Randomized and Approximation Algorithms

Overview

Randomized algorithms leverage randomness to simplify design, improve efficiency, or handle uncertainty. Approximation algorithms sacrifice exact optimality to provide solutions with quality guarantees in polynomial time. Both are important tools for tackling hard problems.

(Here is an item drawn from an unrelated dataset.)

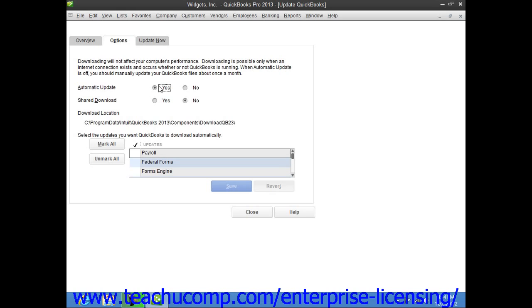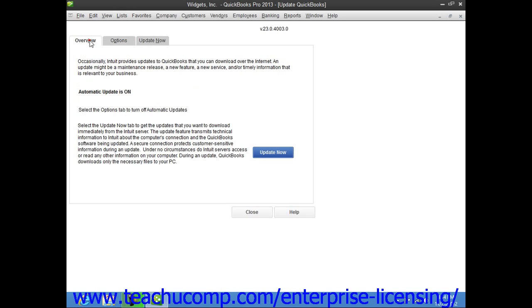If you have it turned off, then you can connect to the Internet and click the Update Now button on the Overview screen to download the updates manually.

1. Classification of Randomized Algorithms

1.1 Las Vegas Algorithms

Results are always correct
Running time is a random variable
Expected running time is guaranteed

Example: Randomized quicksort

1.2 Monte Carlo Algorithms

Running time is deterministic (or has an upper bound)
Results may be incorrect, but the error probability is bounded

Example: Miller-Rabin primality test

graph TD
    RA[Randomized Algorithms] --> LV[Las Vegas]
    RA --> MC[Monte Carlo]
    LV --> LV1[Result always correct]
    LV --> LV2[Time is random]
    MC --> MC1[Time is deterministic]
    MC --> MC2[Result may be incorrect]
    MC --> MC3[Error probability reducible by repetition]

2. Randomized Quicksort

2.1 Algorithm

Randomly select the pivot element:

import random

def randomized_quicksort(arr, lo, hi):
    if lo < hi:
        # Randomly select pivot
        pivot_idx = random.randint(lo, hi)
        arr[pivot_idx], arr[hi] = arr[hi], arr[pivot_idx]
        p = partition(arr, lo, hi)
        randomized_quicksort(arr, lo, p - 1)
        randomized_quicksort(arr, p + 1, hi)

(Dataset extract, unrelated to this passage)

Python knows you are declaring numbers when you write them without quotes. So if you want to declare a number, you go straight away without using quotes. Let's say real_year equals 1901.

2.2 Expected Time Analysis

Theorem: The expected number of comparisons in randomized quicksort is \(O(n \log n)\).

Proof: Let the sorted elements be \(z_1 < z_2 < \cdots < z_n\). Define indicator random variables:

\[ X_{ij} = \begin{cases} 1 & \text{if } z_i \text{ and } z_j \text{ are compared} \\ 0 & \text{otherwise} \end{cases} \]

Total comparisons:

\[ X = \sum_{i=1}^{n-1} \sum_{j=i+1}^{n} X_{ij} \]

\(z_i\) and \(z_j\) are compared if and only if the first element chosen as pivot from \(\{z_i, z_{i+1}, \ldots, z_j\}\) is either \(z_i\) or \(z_j\), which occurs with probability \(\frac{2}{j - i + 1}\).

\[ E[X] = \sum_{i=1}^{n-1} \sum_{j=i+1}^{n} \frac{2}{j - i + 1} = \sum_{i=1}^{n-1} \sum_{k=2}^{n-i+1} \frac{2}{k} \leq 2n \sum_{k=2}^{n} \frac{1}{k} = O(n \log n) \]

3. Bloom Filters

3.1 Principle

A Bloom filter is a probabilistic data structure that supports efficient set membership queries.

Structure: A bit array of length \(m\) + \(k\) independent hash functions
Insert: Set the \(k\) hashed positions to 1
Query: Check whether all \(k\) positions are 1

3.2 Error Rate

False positive probability (after inserting \(n\) elements):

\[ p \approx \left(1 - e^{-kn/m}\right)^k \]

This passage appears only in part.